Ainsi, 44 % des décideurs français interrogés pensent que le Brexit représentera pour eux un défi en 2020, mais aussi que leurs opinions diffèrent sur ses conséquences. En effet, 39 % estiment qu’il aura un impact négatif sur leurs activités cette année, tandis que 42 % sont convaincus du contraire.
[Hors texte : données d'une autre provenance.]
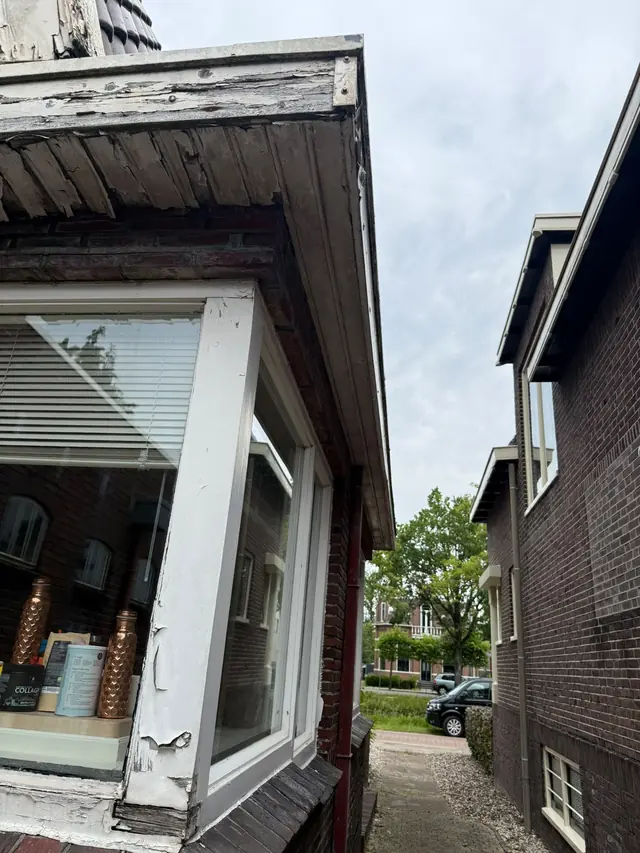 Erker met afgebladderd houtwerk en een aangetaste dakrand, vóór het herstel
Bien que l’opinion des entreprises françaises soit partagée, la première mesure citée par 35 % des sondés pour limiter les risques liés à la sortie du Royaume-Uni est d’accroître leurs activités dans d’autres pays. Viennent ensuite les efforts de restructuration et la modification de la chaîne de sous-traitance. Pour autant, elles sont peu à avoir pris ou prévoient de prendre en 2020 des mesures tangibles. Seul 1 % des décideurs français déclare avoir identifié de nouveaux marchés moins affectés par le Brexit. Et moins de 26 % ont ouvert des établissements dans de nouveaux pays pour limiter son impact. D’après Elisabeth Jourdain, directrice de TMF Group France :

« Si les risques liés au Brexit sont identifiés, peu ont pris des mesures, soit parce qu’elles pensent n’avoir aucun moyen de le faire, soit parce qu’elles préfèrent attendre et voir. Il est important que les entreprises agissent pour diminuer les risques. » Parmi les sept pays interrogés, le Royaume-Uni est sans surprise le plus pessimiste sur les effets attendus du Brexit, pour 46,2 % des personnes interrogées. En France, et après analyse des différents secteurs, celui de l’éducation est le plus impacté, avec 60 % de décideurs ayant une perception négative sur leur activité. Suivent de près les ventes, les médias et le marketing (55,6 % des répondants). À contrario, le secteur de la santé est de loin le plus optimiste pour 64,3 % des sondés.